Spanish form of Cosmas, from Greek kosmos meaning 'order,' 'beauty,' or 'universe.'
Cosme is the Spanish and Portuguese form of the ancient Greek name Kosmas, built from the Greek word kosmos — the word that gave English cosmos, cosmopolitan, and cosmetic, all sharing the core sense of order, beauty, and the harmonious arrangement of things. To the ancient Greeks, kosmos was not simply "the universe" but the universe understood as an elegantly ordered whole, opposed to chaos, and the name Kosmas thus carried an implicit claim: that its bearer embodied that same quality of beautiful order. The name's most famous bearers are Saints Cosmas and Damian, the twin physician-brothers martyred under Diocletian around 303 CE, who became the patron saints of medicine, surgeons, pharmacists, and barbers across the Catholic world.

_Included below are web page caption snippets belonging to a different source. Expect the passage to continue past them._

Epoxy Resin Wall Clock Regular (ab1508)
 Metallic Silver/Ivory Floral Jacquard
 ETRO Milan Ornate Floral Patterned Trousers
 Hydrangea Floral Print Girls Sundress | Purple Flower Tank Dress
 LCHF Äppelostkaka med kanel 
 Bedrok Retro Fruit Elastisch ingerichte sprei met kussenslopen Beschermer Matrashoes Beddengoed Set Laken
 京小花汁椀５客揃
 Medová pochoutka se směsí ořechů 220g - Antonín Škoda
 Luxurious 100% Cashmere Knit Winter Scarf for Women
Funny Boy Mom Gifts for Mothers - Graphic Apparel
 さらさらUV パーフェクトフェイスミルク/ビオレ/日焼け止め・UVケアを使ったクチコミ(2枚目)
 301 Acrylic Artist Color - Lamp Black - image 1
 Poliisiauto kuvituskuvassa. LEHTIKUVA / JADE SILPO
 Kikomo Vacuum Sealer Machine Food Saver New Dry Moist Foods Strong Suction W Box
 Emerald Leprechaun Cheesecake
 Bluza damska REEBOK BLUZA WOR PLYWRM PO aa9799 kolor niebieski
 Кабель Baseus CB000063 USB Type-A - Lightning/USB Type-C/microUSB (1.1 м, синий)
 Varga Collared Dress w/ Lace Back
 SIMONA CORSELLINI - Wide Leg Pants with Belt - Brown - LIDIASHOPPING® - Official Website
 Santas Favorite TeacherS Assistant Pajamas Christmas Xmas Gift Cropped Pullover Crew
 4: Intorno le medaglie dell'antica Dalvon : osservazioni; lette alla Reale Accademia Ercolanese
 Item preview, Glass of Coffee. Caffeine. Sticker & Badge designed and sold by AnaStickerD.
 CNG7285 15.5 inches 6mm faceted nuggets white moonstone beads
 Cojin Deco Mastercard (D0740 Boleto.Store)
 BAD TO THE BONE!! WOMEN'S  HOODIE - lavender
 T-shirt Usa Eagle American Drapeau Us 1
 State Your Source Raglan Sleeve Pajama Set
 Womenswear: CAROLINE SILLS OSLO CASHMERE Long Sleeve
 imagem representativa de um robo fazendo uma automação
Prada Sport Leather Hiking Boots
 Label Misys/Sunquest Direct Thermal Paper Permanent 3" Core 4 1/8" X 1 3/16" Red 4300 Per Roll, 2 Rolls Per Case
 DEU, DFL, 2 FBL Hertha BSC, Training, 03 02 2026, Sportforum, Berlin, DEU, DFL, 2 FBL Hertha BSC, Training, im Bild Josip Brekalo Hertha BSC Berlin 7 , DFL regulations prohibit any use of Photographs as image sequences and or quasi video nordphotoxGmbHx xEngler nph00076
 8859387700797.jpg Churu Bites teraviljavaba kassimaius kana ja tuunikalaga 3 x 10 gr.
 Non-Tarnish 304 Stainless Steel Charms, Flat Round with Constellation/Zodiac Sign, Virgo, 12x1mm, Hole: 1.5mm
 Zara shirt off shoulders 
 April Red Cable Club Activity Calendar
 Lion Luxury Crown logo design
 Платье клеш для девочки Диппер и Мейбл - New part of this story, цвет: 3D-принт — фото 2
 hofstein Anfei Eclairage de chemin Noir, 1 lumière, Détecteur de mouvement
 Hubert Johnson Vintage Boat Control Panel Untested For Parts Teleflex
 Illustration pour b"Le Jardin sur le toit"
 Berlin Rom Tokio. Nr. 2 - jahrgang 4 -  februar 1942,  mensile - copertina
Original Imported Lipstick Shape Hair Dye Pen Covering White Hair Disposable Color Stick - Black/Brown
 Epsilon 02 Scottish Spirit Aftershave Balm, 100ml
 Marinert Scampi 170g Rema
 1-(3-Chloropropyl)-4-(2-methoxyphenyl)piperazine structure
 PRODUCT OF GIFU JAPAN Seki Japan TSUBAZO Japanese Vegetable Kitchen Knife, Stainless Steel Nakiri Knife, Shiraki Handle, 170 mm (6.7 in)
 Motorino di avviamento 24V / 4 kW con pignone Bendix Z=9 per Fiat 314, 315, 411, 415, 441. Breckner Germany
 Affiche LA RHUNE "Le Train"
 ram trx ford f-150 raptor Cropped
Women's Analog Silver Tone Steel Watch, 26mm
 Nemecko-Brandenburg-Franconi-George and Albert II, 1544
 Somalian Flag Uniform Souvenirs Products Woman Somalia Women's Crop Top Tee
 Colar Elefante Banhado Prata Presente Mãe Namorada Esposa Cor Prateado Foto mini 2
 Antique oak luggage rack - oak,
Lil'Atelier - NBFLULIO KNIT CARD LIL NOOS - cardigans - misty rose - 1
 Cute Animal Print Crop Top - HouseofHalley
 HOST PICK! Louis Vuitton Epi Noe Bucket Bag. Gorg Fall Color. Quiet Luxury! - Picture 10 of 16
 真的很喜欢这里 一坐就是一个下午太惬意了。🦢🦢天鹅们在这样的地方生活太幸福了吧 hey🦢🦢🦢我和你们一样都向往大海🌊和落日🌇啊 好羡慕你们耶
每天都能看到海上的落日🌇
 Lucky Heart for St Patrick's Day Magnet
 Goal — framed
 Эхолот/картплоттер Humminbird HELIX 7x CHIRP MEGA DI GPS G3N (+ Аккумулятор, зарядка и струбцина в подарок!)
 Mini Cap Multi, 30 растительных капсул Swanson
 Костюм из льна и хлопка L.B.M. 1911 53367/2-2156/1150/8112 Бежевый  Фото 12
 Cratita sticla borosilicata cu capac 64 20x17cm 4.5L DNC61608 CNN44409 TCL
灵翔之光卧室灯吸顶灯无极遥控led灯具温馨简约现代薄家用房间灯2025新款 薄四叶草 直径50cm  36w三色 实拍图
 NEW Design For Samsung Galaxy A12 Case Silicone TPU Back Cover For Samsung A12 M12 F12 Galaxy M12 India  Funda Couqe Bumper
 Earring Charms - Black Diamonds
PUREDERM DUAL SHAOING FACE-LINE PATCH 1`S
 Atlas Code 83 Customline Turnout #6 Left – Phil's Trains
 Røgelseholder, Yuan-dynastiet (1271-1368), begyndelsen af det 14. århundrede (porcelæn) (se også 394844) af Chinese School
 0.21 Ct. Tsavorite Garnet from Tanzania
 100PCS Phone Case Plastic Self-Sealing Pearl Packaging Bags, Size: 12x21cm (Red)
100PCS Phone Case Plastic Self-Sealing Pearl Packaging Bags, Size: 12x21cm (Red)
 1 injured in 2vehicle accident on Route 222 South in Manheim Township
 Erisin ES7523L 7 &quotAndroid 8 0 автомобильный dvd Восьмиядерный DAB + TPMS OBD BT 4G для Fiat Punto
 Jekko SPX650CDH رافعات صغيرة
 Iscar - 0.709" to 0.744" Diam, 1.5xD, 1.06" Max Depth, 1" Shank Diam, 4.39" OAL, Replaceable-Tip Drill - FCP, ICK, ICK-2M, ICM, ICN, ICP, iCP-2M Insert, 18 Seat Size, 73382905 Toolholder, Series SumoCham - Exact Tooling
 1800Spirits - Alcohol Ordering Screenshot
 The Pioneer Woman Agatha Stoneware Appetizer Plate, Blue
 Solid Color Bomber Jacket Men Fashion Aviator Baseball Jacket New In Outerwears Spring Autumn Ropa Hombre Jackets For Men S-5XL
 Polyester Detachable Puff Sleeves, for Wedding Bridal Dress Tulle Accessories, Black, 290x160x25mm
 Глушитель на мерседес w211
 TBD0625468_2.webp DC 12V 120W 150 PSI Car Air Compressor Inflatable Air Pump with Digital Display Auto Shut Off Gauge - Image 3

Their veneration spread so far that churches were dedicated to them from Rome to Constantinople, and their feast day on September 26th anchored devotion to the name throughout medieval Europe. The Medici banking dynasty of Florence chose Saints Cosmas and Damian as their patron saints, and the great Cosimo de' Medici — founder of the dynasty's political dominance — carried the name into the heart of the Renaissance. Cosme settled primarily in Iberian Catholic cultures, where it retained a quiet dignity through centuries of use.
It never became fashionable in the English-speaking world, which paradoxically preserves its character — it arrives without the weight of trend cycles, simply carrying the Greek legacy of cosmic order and the Italian Renaissance on its two syllables. In an era rediscovering names with genuine historical depth, Cosme has a quiet authority that louder names cannot manufacture.